*** Opening of Input material ***
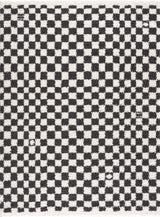 Black and white checkered shag rug by Boutique Rugs, featuring a plush, textured surface with bold geometric pattern.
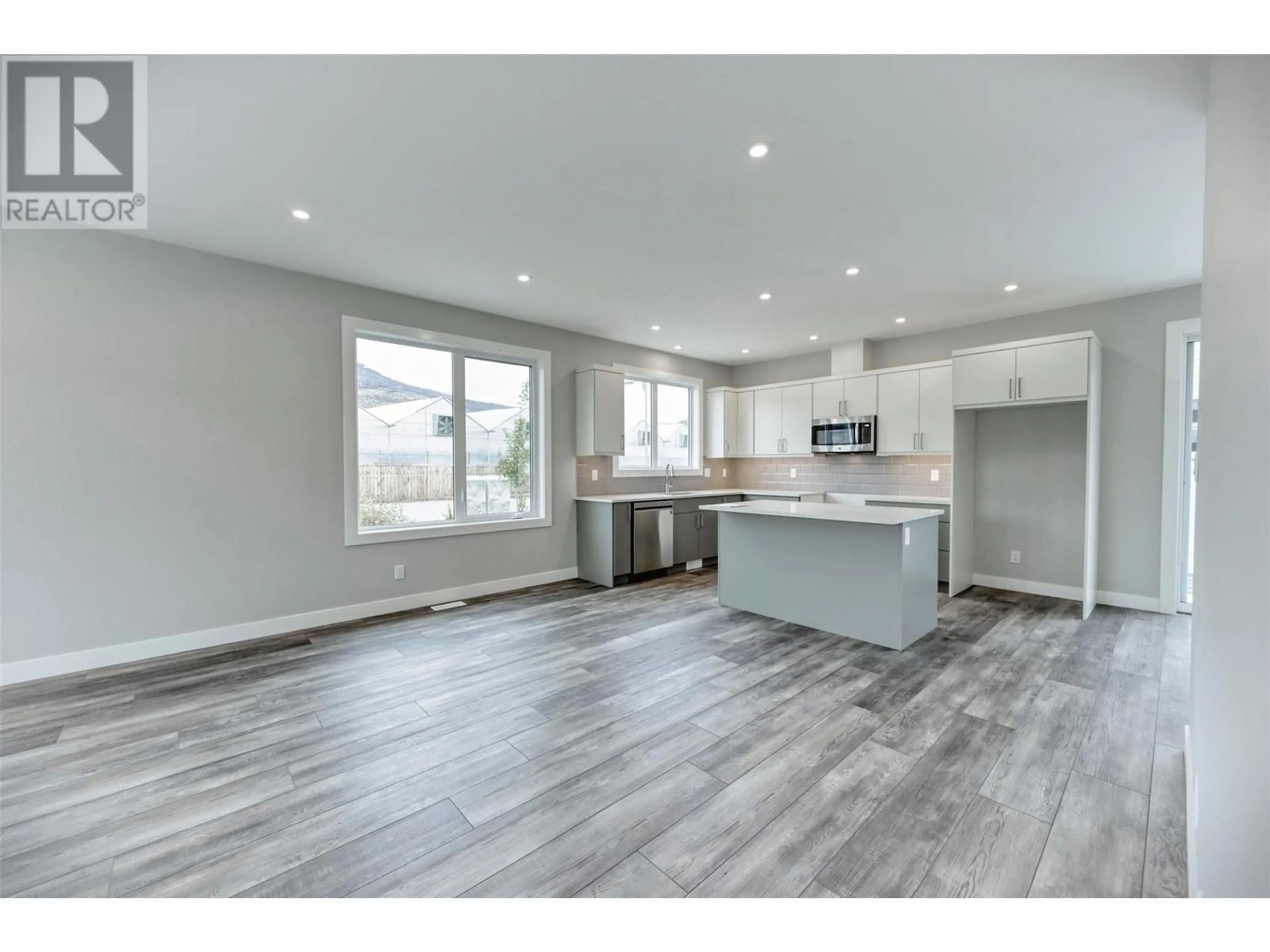 Open concept kitchen for 2 Wood Duck Way, Osoyoos British Columbia V0H1V5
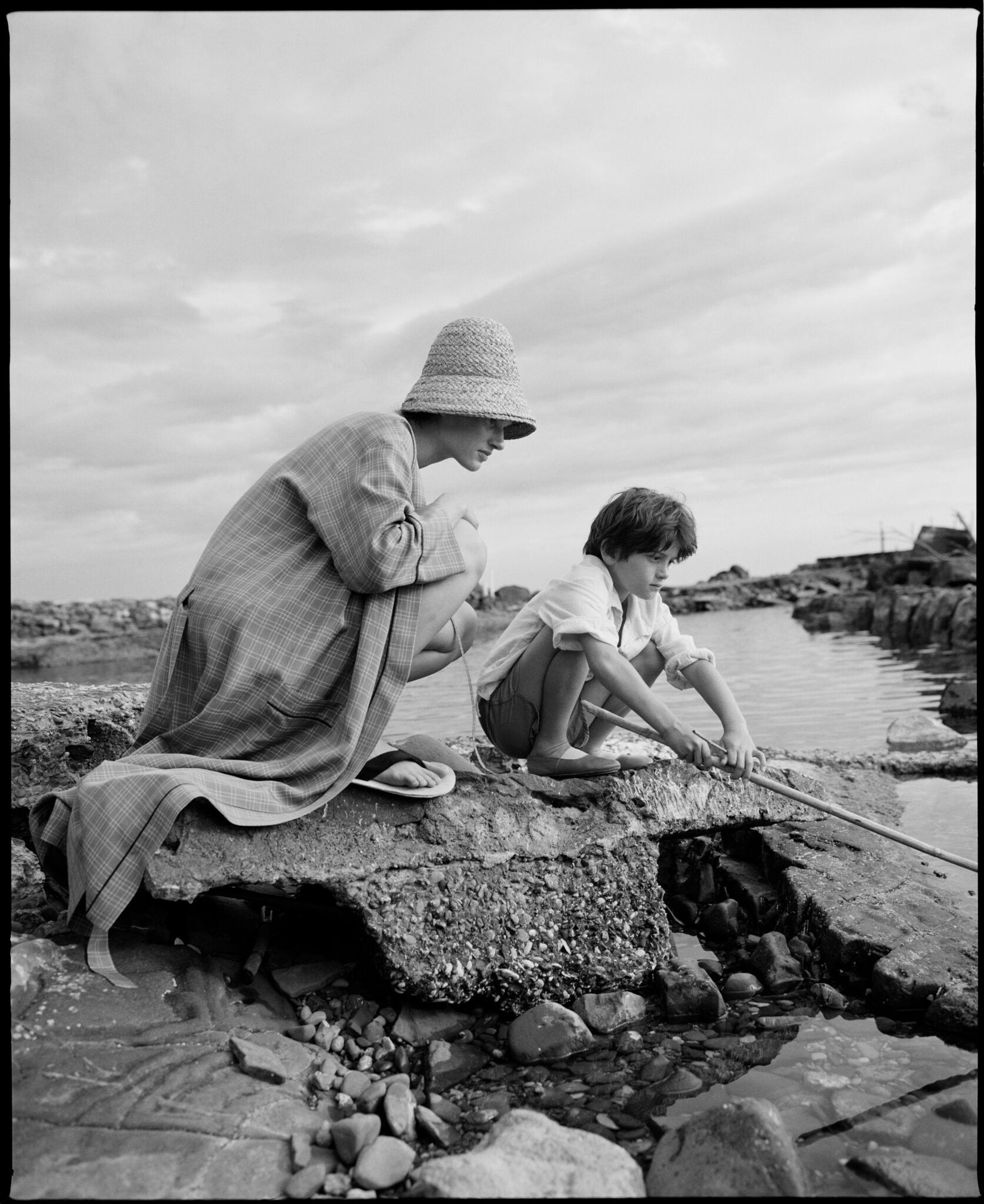 Black and white campaign image showing a woman in a checked coat and woven hat sitting beside a young boy by the rocky seaside, wearing pieces from the Caramel x Zara collection.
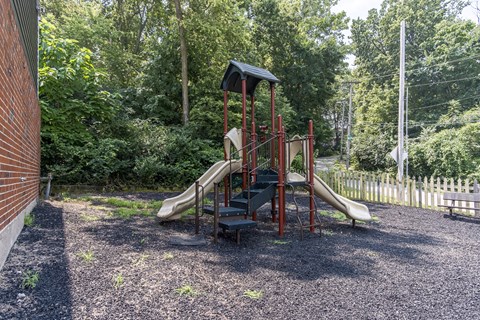 A playground with a red slide and a black roof.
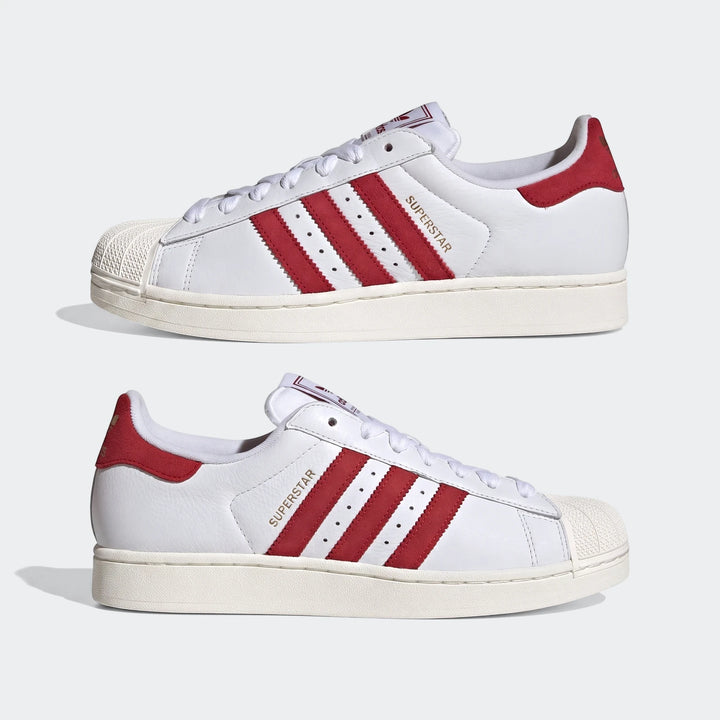 Two white Adidas Superstar II shoes with red stripes, white shell toes, and white laces, shown in a side view.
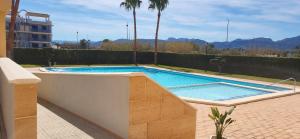 The swimming pool at or close to Xeraco Beach Alma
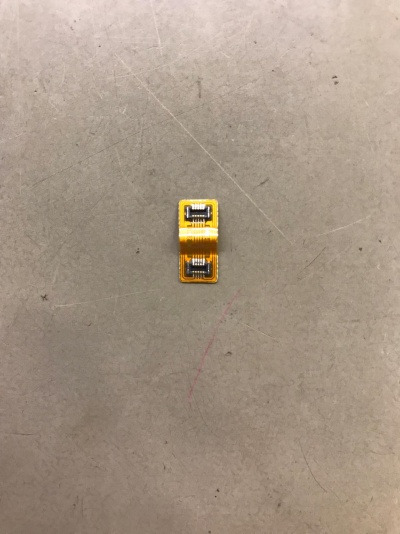 Componente eletrónico flexível amarelo com duas partes metálicas prateadas sobre superfície cinzenta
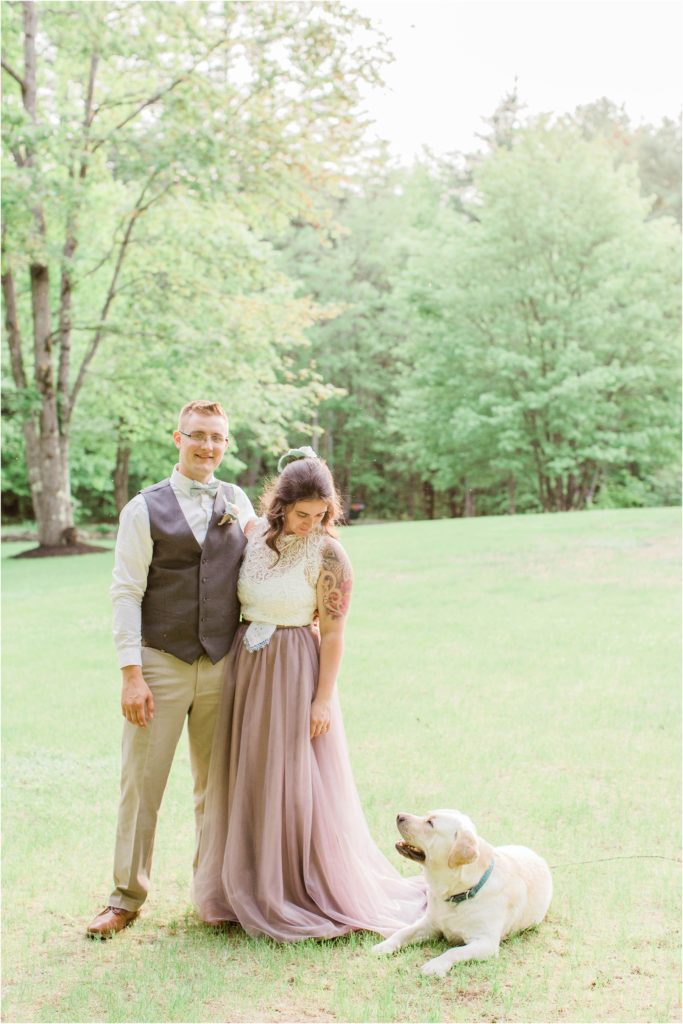 bride and groom standing at sunset with dog laying on skirt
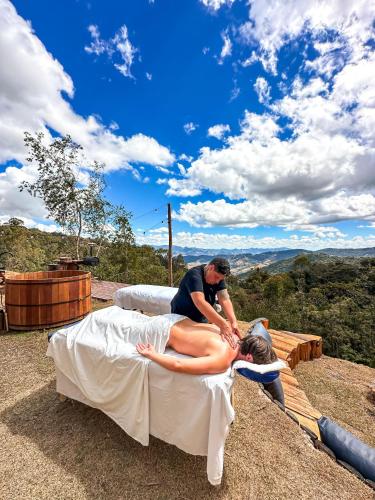 a man making a woman on a bed on top at Wagon Cella faroeste com Spa em Campos in Campos do Jordão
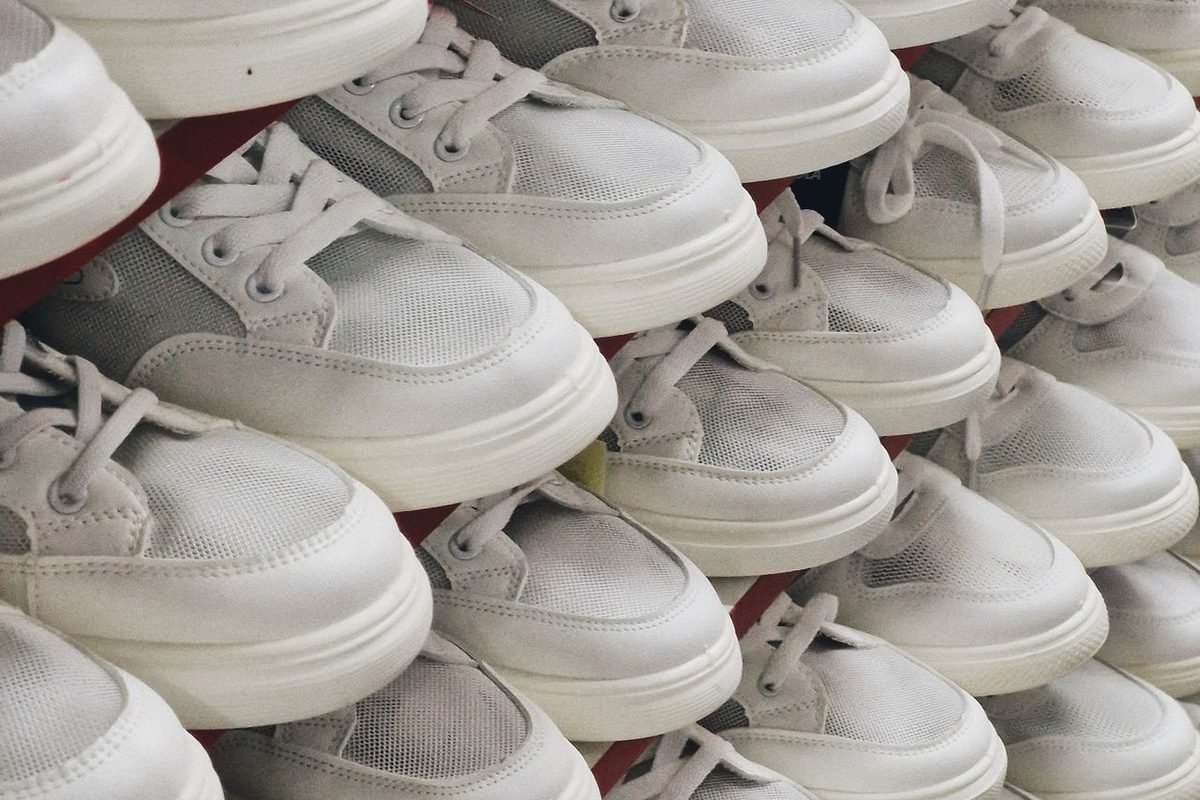 Stacks of white sneakers in a store display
*** Close of Input material ***
** Task item **
Look above and copy only the lines from the one holding "Black and white campaign" to the one holding "The swimming pool", both included, exactly, minus the pictures.

** Exercise answer **
 Black and white campaign image showing a woman in a checked coat and woven hat sitting beside a young boy by the rocky seaside, wearing pieces from the Caramel x Zara collection.
 A playground with a red slide and a black roof.
 Two white Adidas Superstar II shoes with red stripes, white shell toes, and white laces, shown in a side view.
 The swimming pool at or close to Xeraco Beach Alma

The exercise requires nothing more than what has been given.